By Stephen Schenck | April 4, 2011 3:21 PM
With the news last week that Amazon was thinking about getting involved with NFC-based payment processing, it really started to feel like nearly every entity involved with smartphones had its own plan for making this idea a reality. Besides Amazon, Google and some of the carriers have reportedly been working on their own systems for letting you use a smartphone to authorize payments. Sprint may beat them all to the punch, as the company has revealed its strategy for debuting a NFC payment system before the year’s out.
The Nexus S 4G is on its way to Sprint, giving the carrier its first foray into NFC-equipped smartphones. Sprint plans to let you store your payment information in its system, then use the phone’s NFC transceiver each time you wish to authorize a payment. While Google is reportedly thinking about a system where it wouldn’t charge any transaction fees, but instead use the purchase data for ad-targeting, Sprint has a slightly different plan to monetize its system.
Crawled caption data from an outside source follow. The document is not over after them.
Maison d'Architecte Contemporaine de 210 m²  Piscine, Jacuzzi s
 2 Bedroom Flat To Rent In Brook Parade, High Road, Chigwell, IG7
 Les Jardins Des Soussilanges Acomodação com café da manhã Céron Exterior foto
It also won’t collect any fees directly, but will charge companies to deliver coupons to potential customers using its system.
We still need to have more NFC-enabled smartphones for one of these systems to really take off, but whoever gets one out door first is going to have a huge advantage further down the road. If Sprint can make this happen, it may be the one that ends up shaping the future of mobile payments.